The 18th century saw a new mode of drawing instruction, as well as the use of prints. The St Martin’s Lane Drawing School was of major importance in bringing together and inspiring a group of craftsmen, artists and designers, and changing the way in which drawing was taught.

                 John Bates, The Mysteries of Nature & Art, 1634; 1654, 3rd ed., The Wellcome Collection, London

Previously, drawing had been seen more as a method of reproduction than of spontaneous creation. For example, the third part of John Bates’s Mysteries of Nature and Art, published in 1634, was a ‘Tretise’ on ‘Drawing, Colouring, Limming, Paynting, Engraving and Etching’, where his drawing instruction was based on outline only, and on transfer by squaring up (designs for furniture were also produced at that time on a grid form).

By the 1740s, when Matthias Lock published The principles of ornament, drawing instruction used a new method, teaching a knowledge of form from the inside and creating an understanding of the object. Referring to Johnson’s Dictionary gives the meanings understood at the time by the terms used: ‘principle’ = ‘Element, constituent part; primordial substance… Original cause… Fundamental truth…’.

‘…all spring with natural freedom from the first, or principal sweep…’

Matthias Lock (c.1710-65), The principles of ornament, or the youth’s guide to the drawing of foliage, pub. Robert Sayer, c. 1765, Metropolitan Museum, New York

Lock teaches how foliage grows, rather than relying on reproducing a stiff an artificial outline: ‘…bring[ing] the whole into its proper form…’

Ince & Mayhew, The universal system of houshold [sic] furniture…, 1762, V & A

Similarly, in Ince & Mayhew’s Universal system… of 1762, which includes drawing instruction, the illustrations accord with Lock’s method of drawing; the idea is for the hand to be free – to start with a centre line, e.g. the main vein of a leaf, but then to rely on the freedom of the hand.

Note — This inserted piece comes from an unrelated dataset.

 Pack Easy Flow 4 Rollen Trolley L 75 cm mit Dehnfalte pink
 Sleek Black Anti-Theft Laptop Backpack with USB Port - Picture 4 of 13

George Bickham (1684-1758), The universal penman, 1733-41, p. 182

George Bickham’s Universal penman was another example of an instruction manual which reveals the importance of the freedom of the hand, following from knowledge of form and line.

William Hogarth, Analysis of Beauty, 1753, Plate I

All these examples informed Hogarth’s Analysis of Beauty, in which he introduces the ‘serpentine line’ or ‘line of beauty’ as an S-shaped line of varying thickness, providing animation, variety and liveliness, in opposition to the static nature of straight lines and angles:
the serpentine line,

‘…by its waving and winding at the same time different ways, leads the eye in a pleasing manner along with the continuity of its variety.’

Like the other manuals, this was meant for practical application, explaining the nature of lines, and how it was necessary to view the whole form from within. Instruction in drawing had by now become teaching in three dimensions, very differently from how it was conveyed in the 17th century, and the student was taught how to draw with light and shade.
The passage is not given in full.